# Task prompt
Although the data below contains pictures, output only the lines between those holding "Senior woman in" and "Puede incluir: Un", inclusive, exactly and without those pictures.
▬▬▬▬▬▬
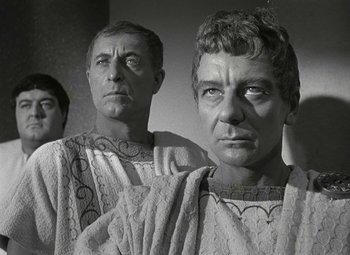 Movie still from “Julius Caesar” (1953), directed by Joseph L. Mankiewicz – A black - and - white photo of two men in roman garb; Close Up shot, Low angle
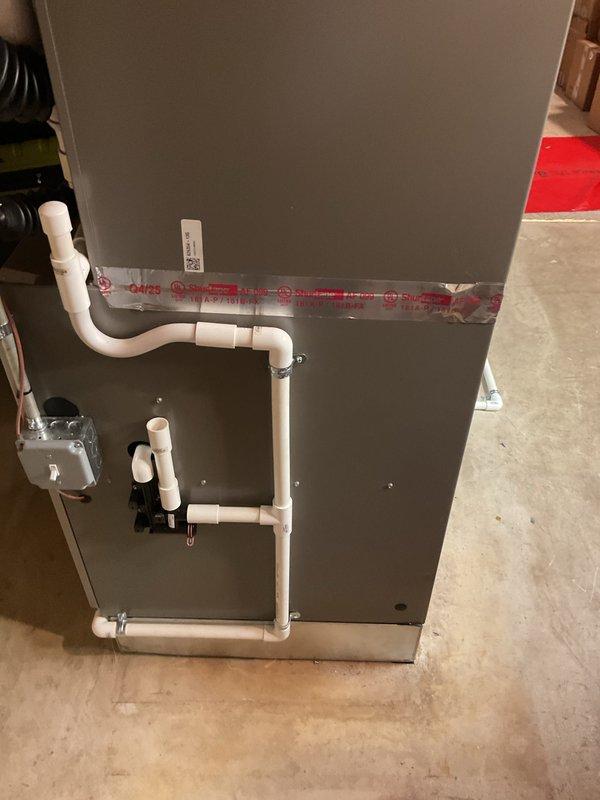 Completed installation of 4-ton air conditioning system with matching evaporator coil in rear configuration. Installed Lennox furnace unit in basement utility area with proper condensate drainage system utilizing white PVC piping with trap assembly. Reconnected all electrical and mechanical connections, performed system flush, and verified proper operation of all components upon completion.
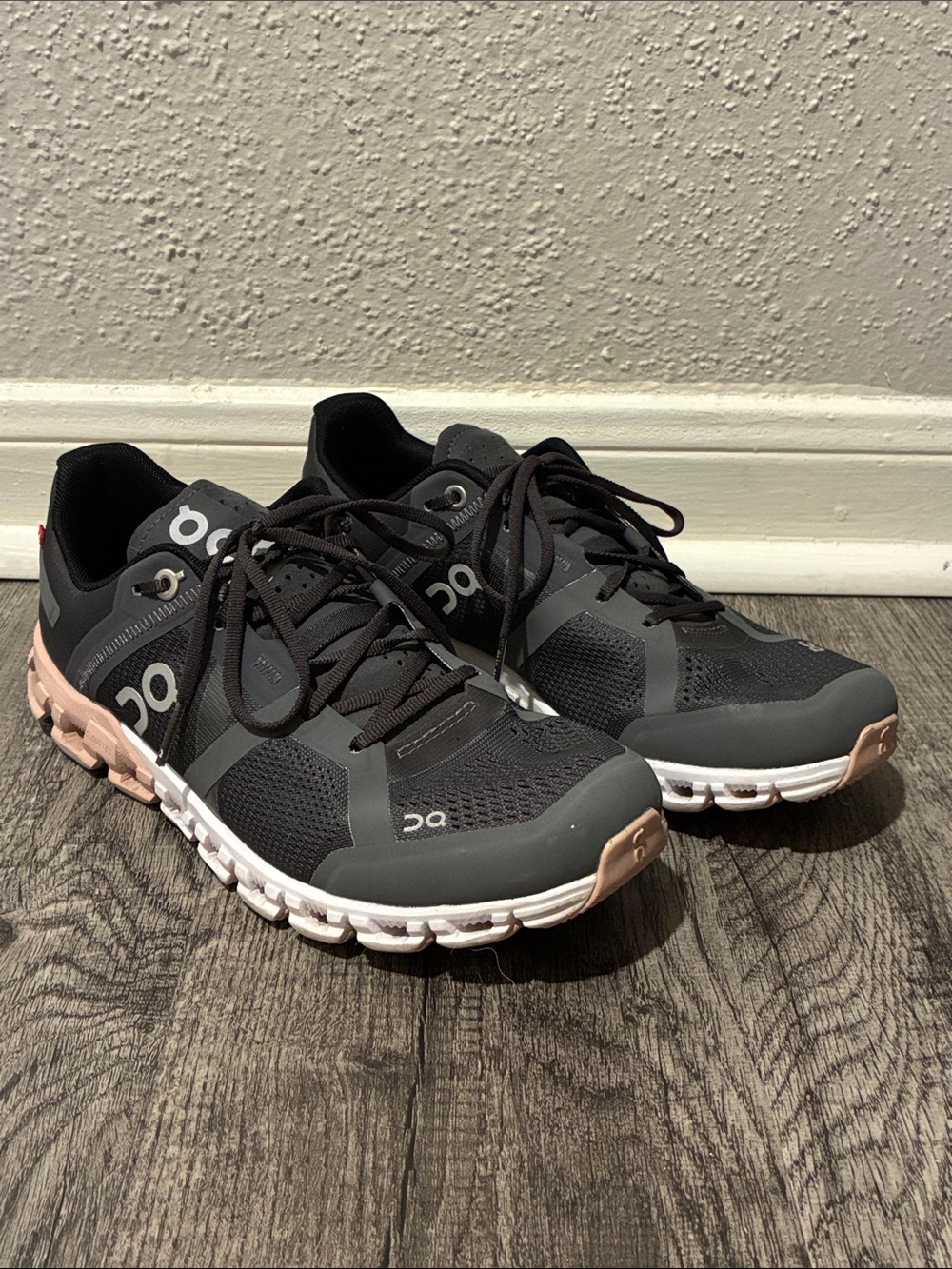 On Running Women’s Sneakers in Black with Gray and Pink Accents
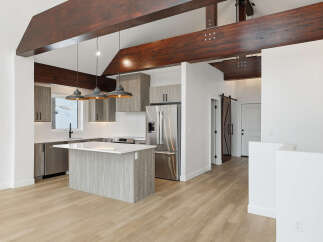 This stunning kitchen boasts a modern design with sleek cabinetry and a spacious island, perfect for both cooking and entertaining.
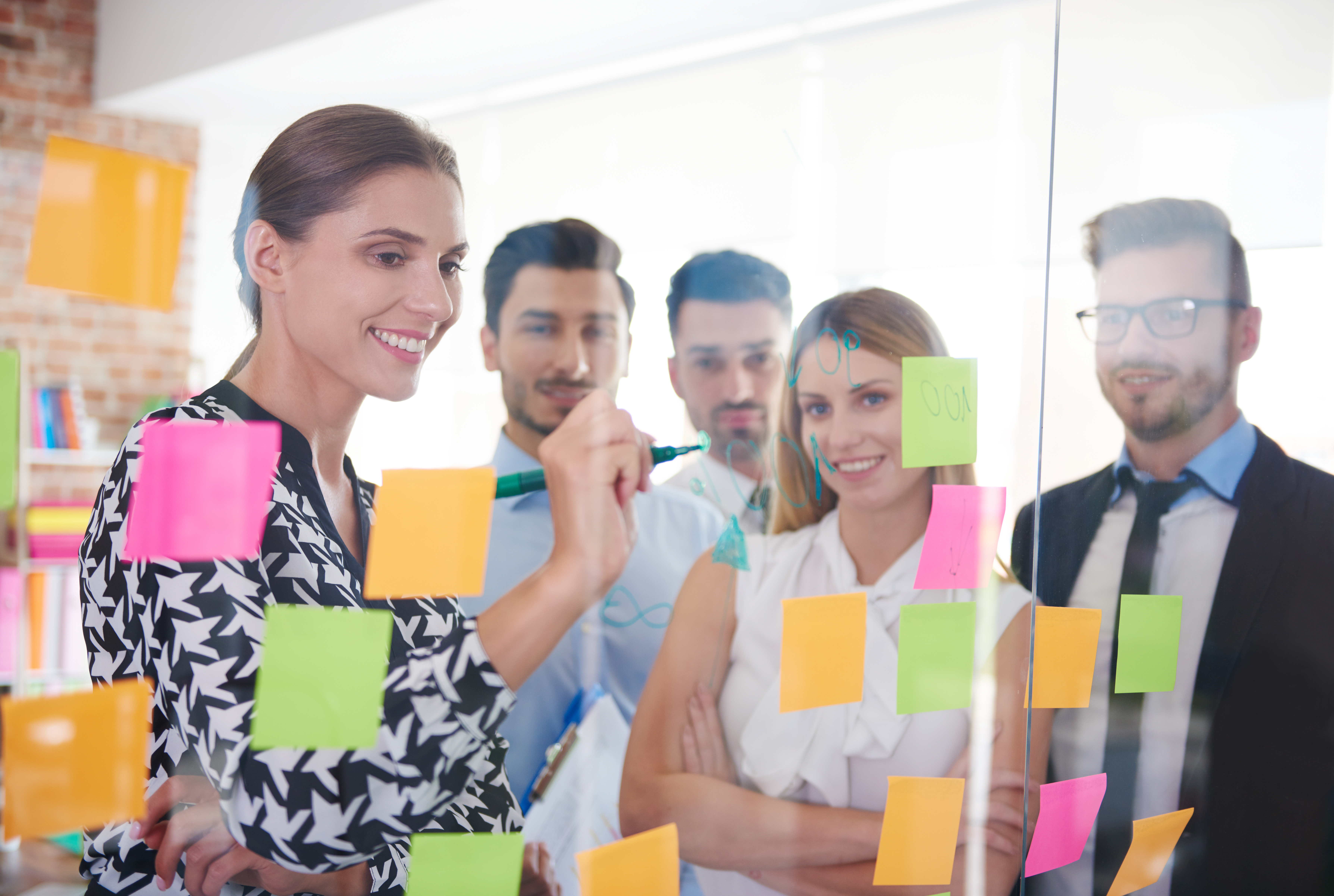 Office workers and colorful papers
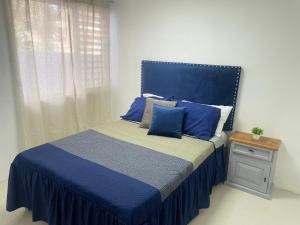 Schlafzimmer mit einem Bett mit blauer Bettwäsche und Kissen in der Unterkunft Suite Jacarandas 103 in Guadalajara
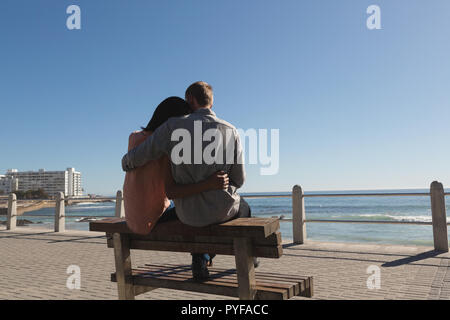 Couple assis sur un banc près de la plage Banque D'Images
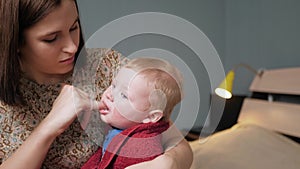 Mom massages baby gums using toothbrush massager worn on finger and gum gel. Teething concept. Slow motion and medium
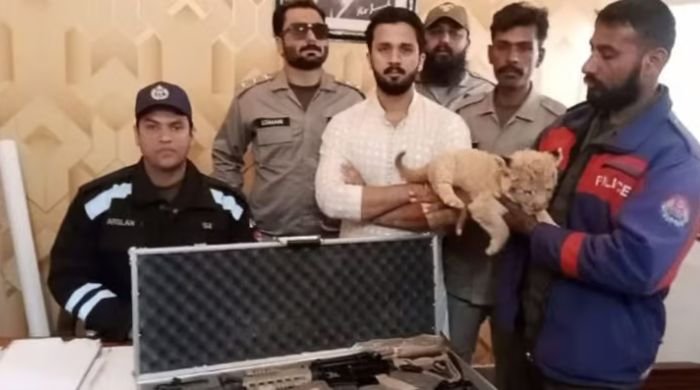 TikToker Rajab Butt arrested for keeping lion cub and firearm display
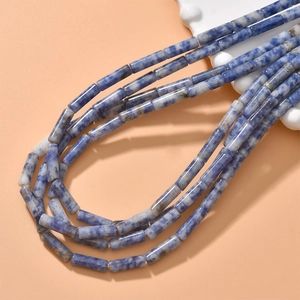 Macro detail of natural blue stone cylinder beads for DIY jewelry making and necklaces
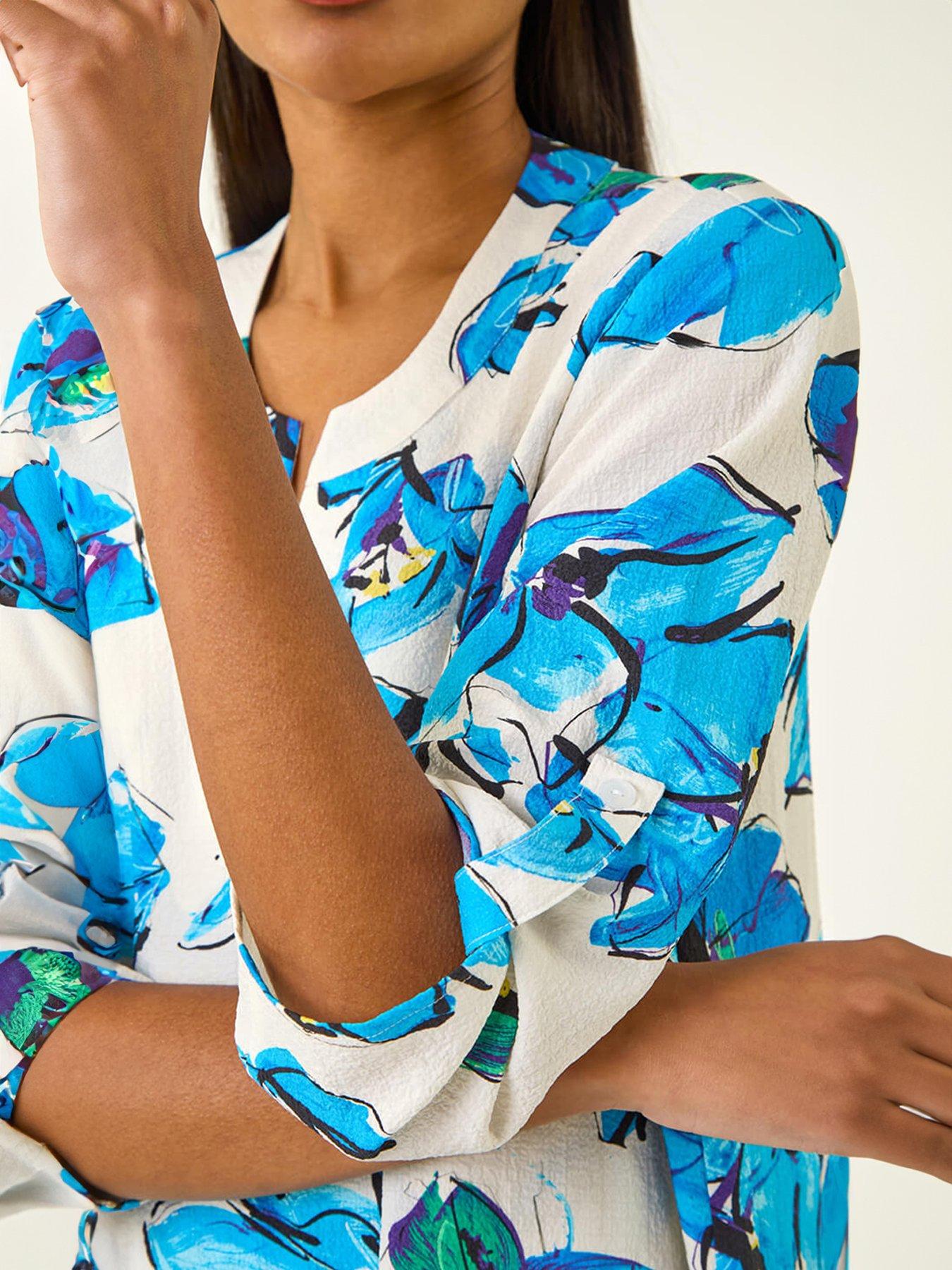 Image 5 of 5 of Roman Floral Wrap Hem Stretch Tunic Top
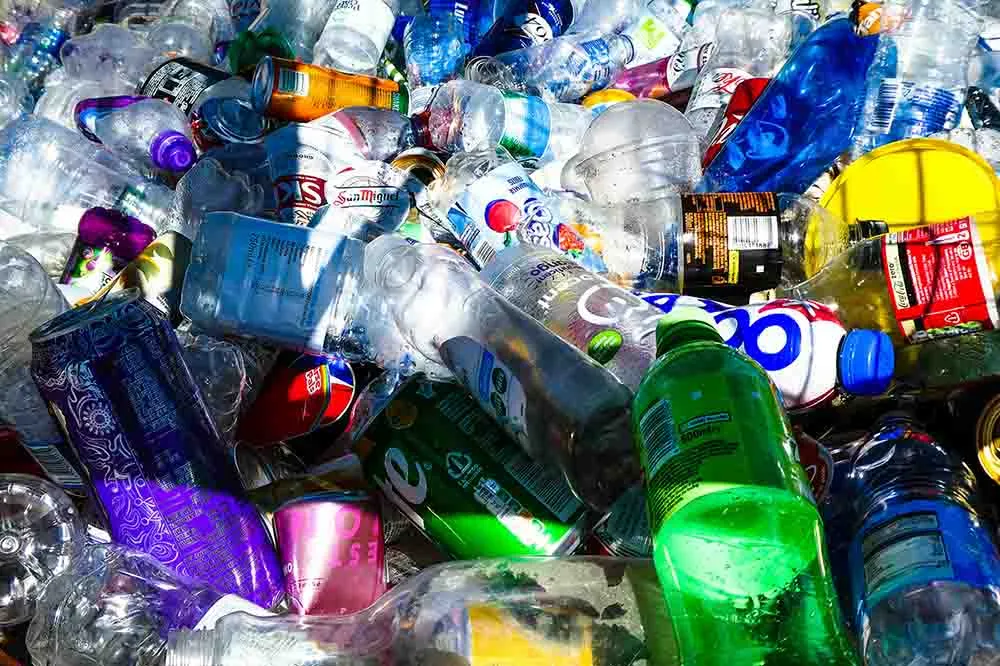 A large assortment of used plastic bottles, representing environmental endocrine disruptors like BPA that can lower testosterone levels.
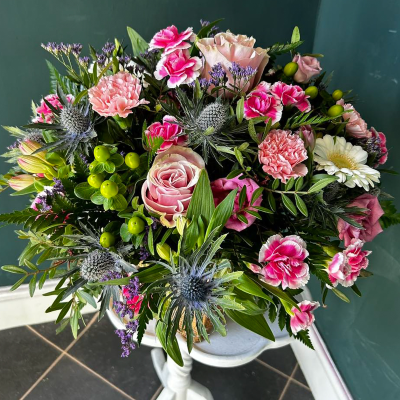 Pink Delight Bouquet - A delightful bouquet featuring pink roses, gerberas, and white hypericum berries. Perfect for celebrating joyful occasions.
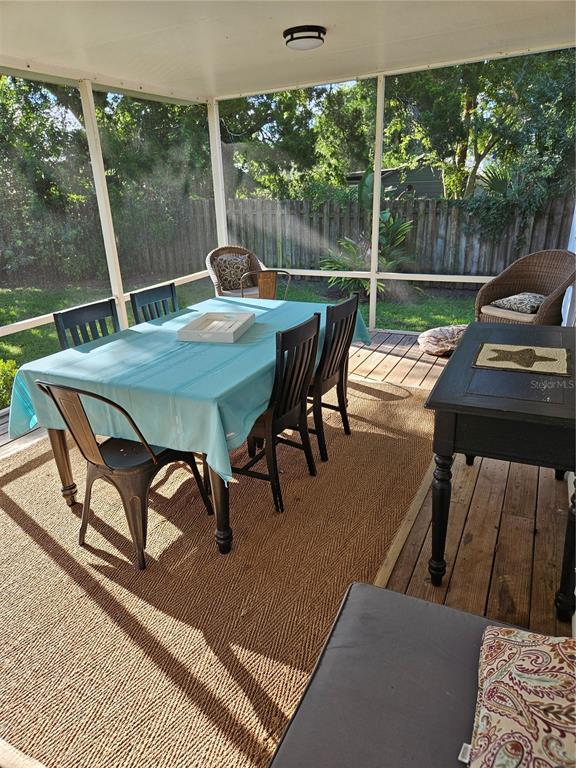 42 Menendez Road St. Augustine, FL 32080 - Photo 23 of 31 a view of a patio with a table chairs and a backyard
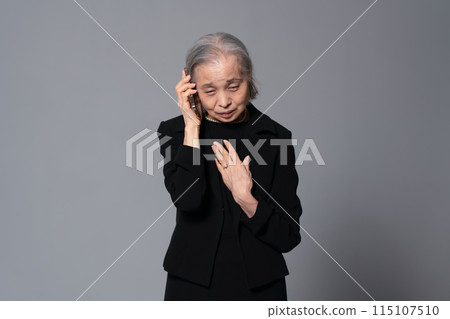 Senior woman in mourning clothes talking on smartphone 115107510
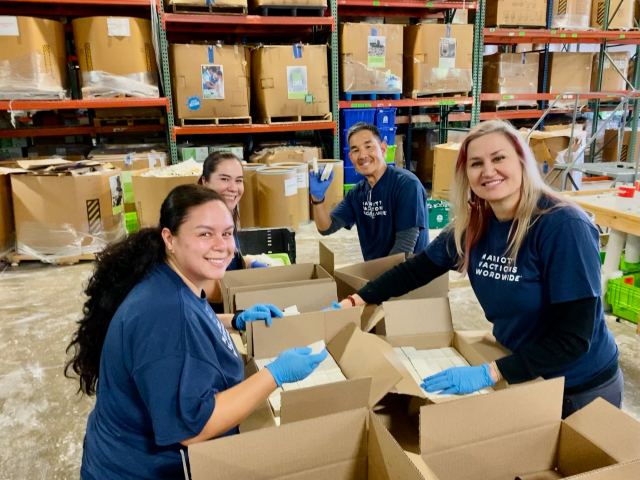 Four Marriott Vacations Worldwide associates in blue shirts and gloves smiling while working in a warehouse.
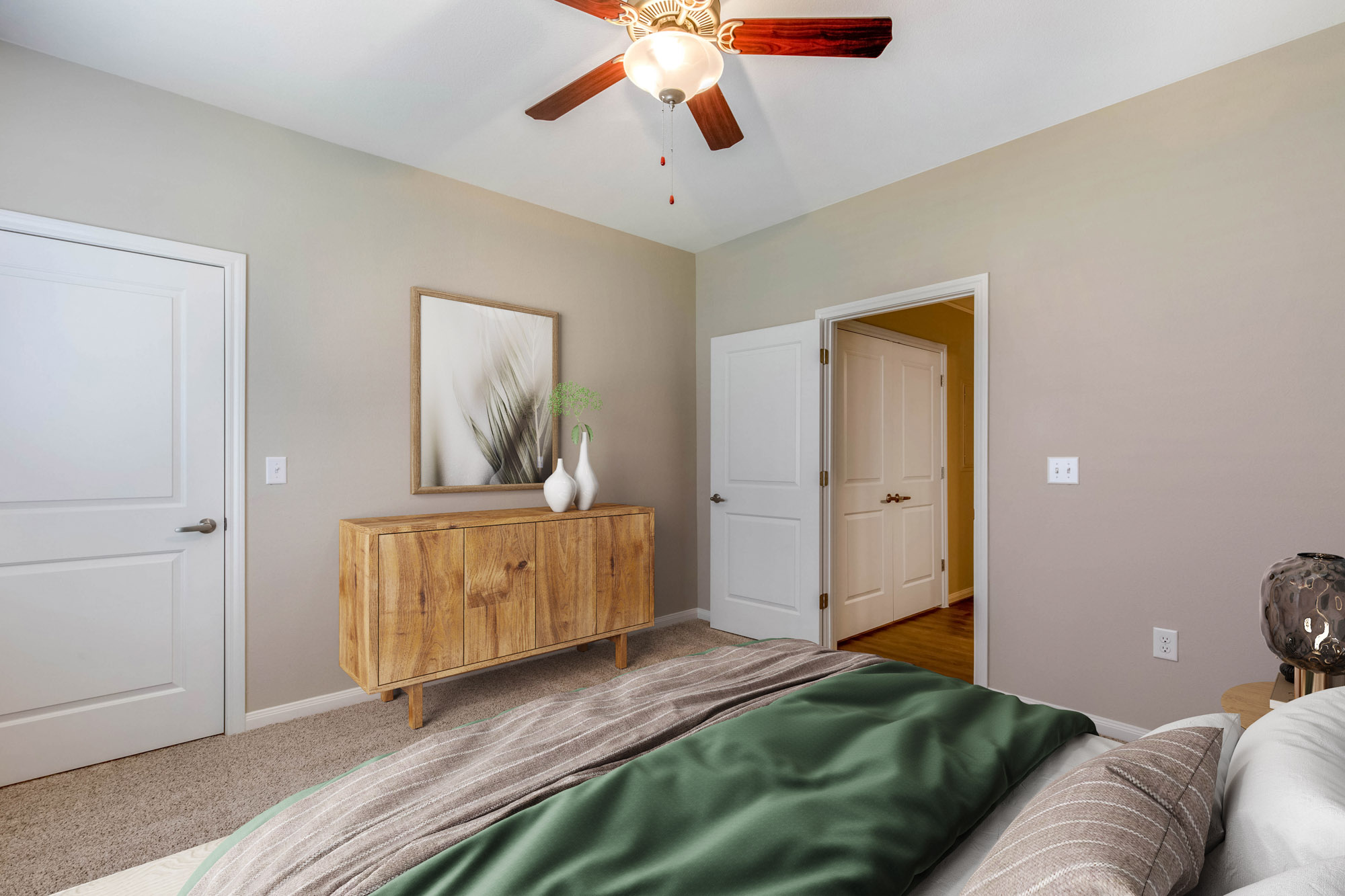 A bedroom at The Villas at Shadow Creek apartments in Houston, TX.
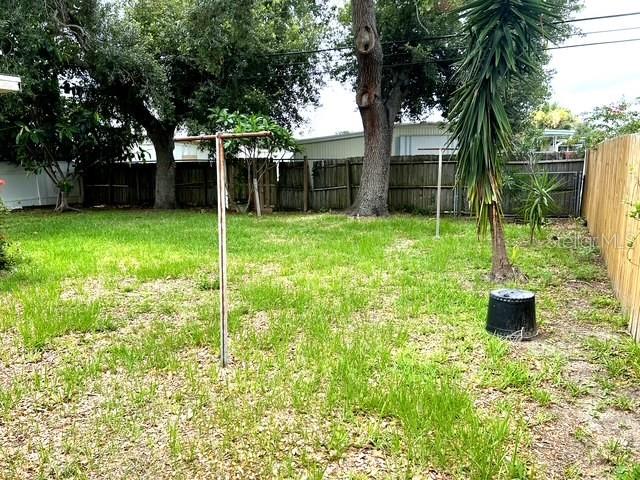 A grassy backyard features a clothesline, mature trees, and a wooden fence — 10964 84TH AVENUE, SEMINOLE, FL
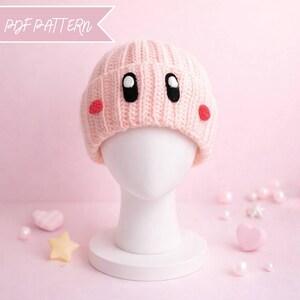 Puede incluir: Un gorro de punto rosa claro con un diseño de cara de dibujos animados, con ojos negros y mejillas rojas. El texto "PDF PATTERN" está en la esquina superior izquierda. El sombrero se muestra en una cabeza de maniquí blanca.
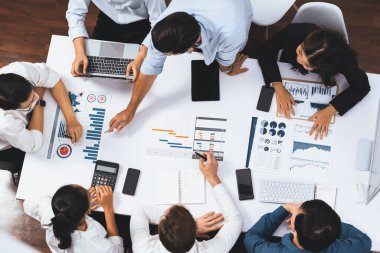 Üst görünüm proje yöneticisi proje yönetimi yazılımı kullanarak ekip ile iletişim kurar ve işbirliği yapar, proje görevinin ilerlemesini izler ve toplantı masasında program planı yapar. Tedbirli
▬▬▬▬▬▬
# Result of the exercise
 Senior woman in mourning clothes talking on smartphone 115107510
 Four Marriott Vacations Worldwide associates in blue shirts and gloves smiling while working in a warehouse.
 A bedroom at The Villas at Shadow Creek apartments in Houston, TX.
 A grassy backyard features a clothesline, mature trees, and a wooden fence — 10964 84TH AVENUE, SEMINOLE, FL
 Puede incluir: Un gorro de punto rosa claro con un diseño de cara de dibujos animados, con ojos negros y mejillas rojas. El texto "PDF PATTERN" está en la esquina superior izquierda. El sombrero se muestra en una cabeza de maniquí blanca.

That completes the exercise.